[Task objective]
With both ends included, transcribe exactly the records below from their first line to the line that contains "Eztec Frosty The".

[Data in this exercise]
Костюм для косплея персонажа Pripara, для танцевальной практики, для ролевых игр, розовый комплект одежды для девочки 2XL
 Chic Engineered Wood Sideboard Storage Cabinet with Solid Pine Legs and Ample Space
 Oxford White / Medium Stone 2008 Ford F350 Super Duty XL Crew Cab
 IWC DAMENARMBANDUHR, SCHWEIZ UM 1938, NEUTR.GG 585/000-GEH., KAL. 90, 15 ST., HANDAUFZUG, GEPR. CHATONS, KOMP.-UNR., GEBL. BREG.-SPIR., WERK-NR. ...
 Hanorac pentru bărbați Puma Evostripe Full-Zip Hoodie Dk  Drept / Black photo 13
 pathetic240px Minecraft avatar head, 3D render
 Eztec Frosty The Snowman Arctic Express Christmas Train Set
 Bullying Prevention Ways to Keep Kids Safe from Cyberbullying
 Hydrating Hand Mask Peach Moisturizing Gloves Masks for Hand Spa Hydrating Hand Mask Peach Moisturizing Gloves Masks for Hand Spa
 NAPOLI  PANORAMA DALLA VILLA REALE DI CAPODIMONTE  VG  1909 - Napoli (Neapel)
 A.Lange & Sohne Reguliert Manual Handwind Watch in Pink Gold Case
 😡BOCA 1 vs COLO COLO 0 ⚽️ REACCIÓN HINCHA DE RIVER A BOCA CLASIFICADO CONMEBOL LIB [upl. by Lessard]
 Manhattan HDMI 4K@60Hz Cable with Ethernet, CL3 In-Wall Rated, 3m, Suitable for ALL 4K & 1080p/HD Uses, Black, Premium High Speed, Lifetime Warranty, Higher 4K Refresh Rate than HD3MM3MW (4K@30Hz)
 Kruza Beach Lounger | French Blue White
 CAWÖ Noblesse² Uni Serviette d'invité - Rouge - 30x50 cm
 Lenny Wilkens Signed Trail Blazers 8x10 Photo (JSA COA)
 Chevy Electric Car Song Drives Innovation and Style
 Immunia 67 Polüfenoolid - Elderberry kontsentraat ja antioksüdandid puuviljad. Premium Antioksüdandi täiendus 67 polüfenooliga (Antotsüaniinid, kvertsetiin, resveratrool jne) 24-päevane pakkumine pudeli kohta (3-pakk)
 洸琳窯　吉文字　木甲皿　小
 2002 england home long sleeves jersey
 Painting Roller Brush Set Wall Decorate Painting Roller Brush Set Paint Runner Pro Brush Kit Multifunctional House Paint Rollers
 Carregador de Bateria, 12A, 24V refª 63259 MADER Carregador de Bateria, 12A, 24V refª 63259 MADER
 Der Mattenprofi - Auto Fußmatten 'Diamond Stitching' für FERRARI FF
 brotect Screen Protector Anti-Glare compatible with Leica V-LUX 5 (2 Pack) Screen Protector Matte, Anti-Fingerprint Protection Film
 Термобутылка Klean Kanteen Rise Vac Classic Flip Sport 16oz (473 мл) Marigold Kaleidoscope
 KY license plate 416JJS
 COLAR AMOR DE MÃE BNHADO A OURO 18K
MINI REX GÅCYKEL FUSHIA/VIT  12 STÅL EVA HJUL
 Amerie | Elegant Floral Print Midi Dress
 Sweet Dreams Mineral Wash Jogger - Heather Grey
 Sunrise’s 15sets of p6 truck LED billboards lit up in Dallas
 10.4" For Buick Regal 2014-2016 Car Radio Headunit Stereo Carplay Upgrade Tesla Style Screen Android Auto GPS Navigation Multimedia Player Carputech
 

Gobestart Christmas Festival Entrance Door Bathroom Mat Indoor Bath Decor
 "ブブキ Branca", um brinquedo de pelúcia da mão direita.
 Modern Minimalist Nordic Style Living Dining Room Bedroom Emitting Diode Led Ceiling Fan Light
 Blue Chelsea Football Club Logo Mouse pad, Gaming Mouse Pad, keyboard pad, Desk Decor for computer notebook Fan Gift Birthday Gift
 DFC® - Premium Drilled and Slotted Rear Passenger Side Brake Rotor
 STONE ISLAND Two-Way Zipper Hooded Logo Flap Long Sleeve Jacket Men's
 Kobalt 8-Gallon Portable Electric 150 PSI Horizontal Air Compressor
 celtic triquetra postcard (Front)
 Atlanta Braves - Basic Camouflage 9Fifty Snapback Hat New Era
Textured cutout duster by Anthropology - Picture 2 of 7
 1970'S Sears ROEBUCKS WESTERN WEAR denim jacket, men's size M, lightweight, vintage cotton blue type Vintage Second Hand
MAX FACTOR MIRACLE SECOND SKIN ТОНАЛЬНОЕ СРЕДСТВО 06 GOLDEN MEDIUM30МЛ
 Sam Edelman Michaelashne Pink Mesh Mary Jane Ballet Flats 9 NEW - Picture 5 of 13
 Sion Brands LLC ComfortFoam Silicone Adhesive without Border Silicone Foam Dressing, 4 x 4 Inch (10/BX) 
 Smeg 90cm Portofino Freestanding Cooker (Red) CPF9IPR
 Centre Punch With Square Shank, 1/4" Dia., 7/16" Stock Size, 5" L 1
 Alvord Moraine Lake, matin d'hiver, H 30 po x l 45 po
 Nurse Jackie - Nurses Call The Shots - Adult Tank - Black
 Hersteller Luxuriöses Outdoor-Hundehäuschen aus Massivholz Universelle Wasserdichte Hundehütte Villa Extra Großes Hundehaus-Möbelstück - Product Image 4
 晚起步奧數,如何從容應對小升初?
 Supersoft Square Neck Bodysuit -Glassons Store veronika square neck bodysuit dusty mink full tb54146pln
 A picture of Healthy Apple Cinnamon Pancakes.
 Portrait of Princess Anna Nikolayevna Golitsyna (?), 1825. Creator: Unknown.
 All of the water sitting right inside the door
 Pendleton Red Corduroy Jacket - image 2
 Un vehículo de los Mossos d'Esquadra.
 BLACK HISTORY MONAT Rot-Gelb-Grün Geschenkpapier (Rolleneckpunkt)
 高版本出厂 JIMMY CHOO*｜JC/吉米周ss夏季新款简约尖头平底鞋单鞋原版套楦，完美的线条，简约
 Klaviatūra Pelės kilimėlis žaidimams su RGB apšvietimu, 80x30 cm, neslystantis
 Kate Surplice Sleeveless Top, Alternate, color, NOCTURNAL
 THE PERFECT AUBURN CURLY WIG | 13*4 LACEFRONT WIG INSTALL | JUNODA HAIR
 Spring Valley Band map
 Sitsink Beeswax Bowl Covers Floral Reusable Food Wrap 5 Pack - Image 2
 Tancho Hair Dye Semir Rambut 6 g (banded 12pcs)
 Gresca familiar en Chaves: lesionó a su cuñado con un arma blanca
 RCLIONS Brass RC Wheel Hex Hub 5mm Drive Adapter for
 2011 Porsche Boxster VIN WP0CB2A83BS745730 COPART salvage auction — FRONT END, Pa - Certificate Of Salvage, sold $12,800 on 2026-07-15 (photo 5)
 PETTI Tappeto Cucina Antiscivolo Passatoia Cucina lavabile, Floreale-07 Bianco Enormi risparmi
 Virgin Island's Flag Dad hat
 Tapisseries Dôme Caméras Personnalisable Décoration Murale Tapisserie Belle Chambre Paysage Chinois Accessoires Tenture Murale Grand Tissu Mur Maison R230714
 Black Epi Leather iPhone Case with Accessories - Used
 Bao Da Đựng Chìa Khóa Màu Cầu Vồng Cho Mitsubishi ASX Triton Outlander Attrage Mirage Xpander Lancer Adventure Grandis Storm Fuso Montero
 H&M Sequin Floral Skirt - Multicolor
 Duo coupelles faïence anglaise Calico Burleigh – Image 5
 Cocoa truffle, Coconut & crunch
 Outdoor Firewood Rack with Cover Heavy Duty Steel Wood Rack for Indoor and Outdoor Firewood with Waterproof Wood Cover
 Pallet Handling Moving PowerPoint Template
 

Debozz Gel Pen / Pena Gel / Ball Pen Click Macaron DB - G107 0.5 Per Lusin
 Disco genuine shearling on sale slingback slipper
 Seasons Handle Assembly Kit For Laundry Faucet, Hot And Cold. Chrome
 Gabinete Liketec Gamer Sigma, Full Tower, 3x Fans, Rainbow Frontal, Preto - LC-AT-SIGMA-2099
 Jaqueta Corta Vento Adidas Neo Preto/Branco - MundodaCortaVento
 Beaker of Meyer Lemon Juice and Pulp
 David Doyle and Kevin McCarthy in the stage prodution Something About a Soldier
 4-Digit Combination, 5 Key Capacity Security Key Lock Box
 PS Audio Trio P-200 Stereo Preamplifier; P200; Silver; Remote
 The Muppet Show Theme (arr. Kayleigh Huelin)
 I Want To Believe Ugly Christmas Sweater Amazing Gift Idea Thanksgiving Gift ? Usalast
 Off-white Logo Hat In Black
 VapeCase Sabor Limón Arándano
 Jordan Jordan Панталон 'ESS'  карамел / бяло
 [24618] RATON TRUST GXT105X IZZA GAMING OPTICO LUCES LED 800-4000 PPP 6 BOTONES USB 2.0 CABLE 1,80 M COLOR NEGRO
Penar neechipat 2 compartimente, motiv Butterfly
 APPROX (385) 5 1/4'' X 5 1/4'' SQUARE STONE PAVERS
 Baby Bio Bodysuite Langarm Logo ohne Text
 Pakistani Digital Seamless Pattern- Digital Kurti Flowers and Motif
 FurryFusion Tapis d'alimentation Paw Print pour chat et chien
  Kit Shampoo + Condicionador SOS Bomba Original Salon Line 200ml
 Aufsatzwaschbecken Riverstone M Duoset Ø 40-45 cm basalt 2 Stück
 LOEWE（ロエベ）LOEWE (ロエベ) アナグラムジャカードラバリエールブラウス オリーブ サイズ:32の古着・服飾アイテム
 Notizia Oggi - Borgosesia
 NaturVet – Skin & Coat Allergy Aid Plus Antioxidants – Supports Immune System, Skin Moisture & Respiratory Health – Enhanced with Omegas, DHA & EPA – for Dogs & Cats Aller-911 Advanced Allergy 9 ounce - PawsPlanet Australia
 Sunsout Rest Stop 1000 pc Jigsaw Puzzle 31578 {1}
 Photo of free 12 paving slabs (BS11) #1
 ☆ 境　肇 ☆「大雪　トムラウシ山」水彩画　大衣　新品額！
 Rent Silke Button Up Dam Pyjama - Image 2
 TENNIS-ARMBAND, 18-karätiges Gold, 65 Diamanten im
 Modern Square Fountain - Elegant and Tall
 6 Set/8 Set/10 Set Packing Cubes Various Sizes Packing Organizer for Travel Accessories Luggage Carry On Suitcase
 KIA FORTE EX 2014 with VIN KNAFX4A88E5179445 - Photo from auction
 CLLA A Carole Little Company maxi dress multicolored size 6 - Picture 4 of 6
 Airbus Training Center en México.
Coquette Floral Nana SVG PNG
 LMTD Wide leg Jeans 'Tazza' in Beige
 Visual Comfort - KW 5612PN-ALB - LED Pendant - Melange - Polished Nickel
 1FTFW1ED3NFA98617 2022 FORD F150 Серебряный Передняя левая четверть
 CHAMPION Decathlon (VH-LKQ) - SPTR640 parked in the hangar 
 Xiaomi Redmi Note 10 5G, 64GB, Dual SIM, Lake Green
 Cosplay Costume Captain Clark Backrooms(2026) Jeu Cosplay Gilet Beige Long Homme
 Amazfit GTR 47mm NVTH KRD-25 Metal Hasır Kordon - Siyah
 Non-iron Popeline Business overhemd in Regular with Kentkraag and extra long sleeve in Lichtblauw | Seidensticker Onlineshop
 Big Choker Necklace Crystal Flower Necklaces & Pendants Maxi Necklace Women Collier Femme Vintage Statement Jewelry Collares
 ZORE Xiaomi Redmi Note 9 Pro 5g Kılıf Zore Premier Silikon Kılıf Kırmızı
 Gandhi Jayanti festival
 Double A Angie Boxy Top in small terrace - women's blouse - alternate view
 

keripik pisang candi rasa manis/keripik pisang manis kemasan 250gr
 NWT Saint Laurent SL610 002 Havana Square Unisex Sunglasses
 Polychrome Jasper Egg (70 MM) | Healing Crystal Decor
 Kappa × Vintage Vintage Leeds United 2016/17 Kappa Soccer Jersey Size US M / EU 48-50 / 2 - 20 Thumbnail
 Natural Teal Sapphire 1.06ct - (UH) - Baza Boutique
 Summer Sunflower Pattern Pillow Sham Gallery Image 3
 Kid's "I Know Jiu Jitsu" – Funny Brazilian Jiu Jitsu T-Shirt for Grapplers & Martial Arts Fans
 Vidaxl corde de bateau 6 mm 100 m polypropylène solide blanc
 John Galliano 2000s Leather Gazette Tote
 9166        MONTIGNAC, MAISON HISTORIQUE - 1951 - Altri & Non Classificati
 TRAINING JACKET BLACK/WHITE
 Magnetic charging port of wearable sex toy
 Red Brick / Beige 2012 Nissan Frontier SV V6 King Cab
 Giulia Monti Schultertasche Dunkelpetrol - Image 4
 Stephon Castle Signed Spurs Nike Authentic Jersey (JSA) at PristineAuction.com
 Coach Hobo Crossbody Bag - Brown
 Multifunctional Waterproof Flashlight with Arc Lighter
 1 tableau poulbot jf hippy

[Result for this exercise]
Костюм для косплея персонажа Pripara, для танцевальной практики, для ролевых игр, розовый комплект одежды для девочки 2XL
 Chic Engineered Wood Sideboard Storage Cabinet with Solid Pine Legs and Ample Space
 Oxford White / Medium Stone 2008 Ford F350 Super Duty XL Crew Cab
 IWC DAMENARMBANDUHR, SCHWEIZ UM 1938, NEUTR.GG 585/000-GEH., KAL. 90, 15 ST., HANDAUFZUG, GEPR. CHATONS, KOMP.-UNR., GEBL. BREG.-SPIR., WERK-NR. ...
 Hanorac pentru bărbați Puma Evostripe Full-Zip Hoodie Dk  Drept / Black photo 13
 pathetic240px Minecraft avatar head, 3D render
 Eztec Frosty The Snowman Arctic Express Christmas Train Set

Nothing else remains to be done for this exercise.